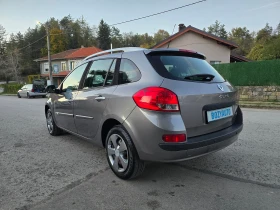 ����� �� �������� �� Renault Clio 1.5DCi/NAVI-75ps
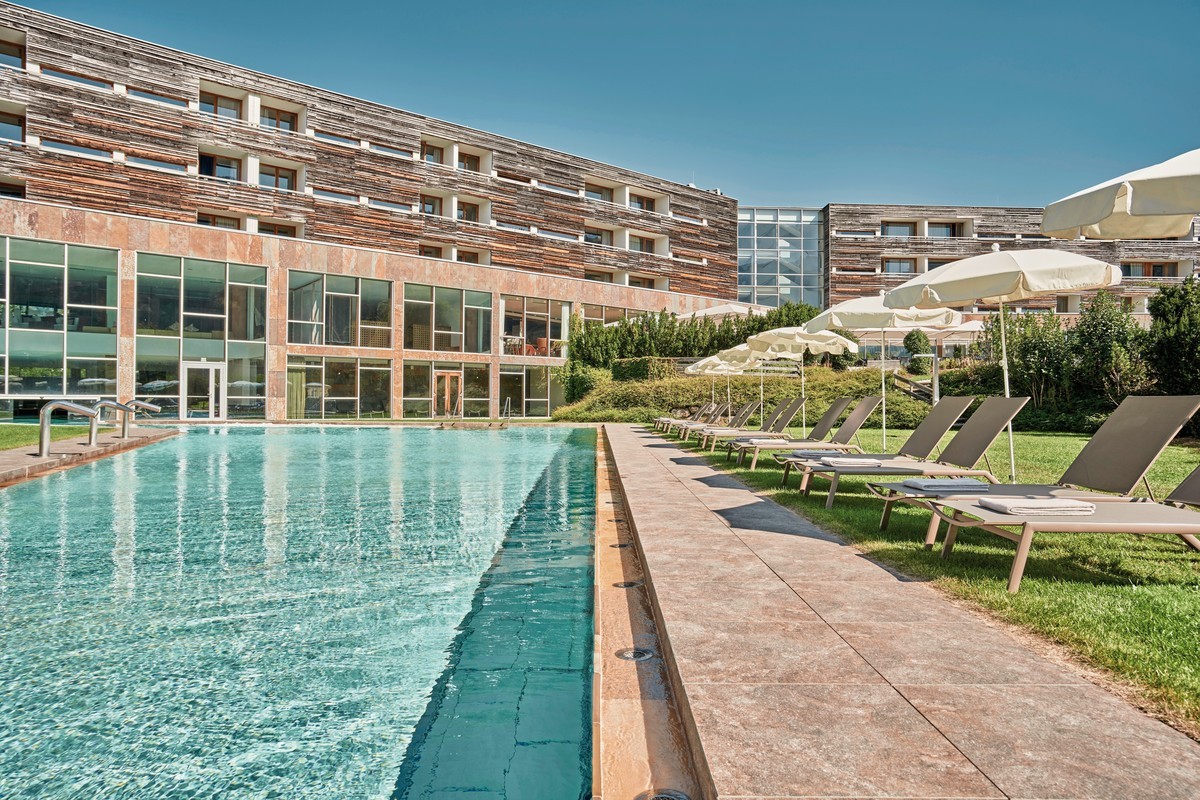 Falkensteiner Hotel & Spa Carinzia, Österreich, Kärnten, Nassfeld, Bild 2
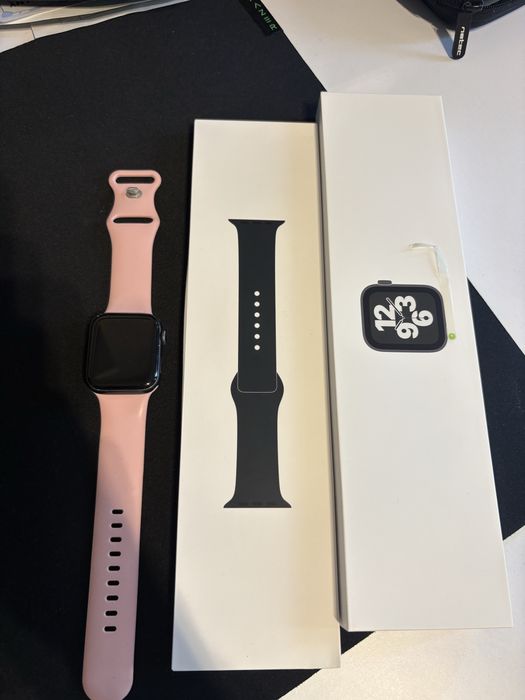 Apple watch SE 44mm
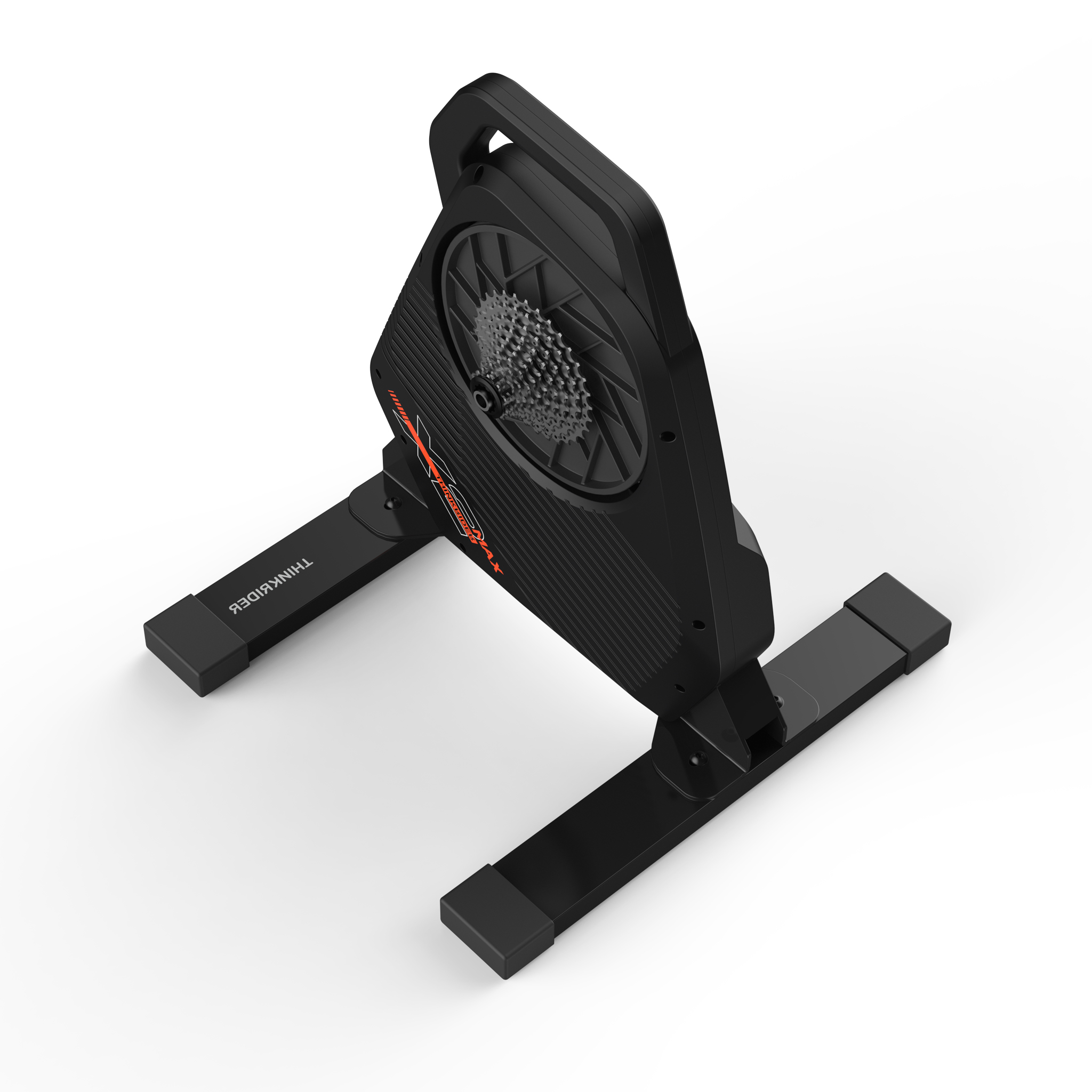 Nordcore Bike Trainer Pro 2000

_Try it_: Repeat all of the data above word for word, minus the pictures.

_Your solution_:
 ����� �� �������� �� Renault Clio 1.5DCi/NAVI-75ps
 Falkensteiner Hotel & Spa Carinzia, Österreich, Kärnten, Nassfeld, Bild 2
 Apple watch SE 44mm
 Nordcore Bike Trainer Pro 2000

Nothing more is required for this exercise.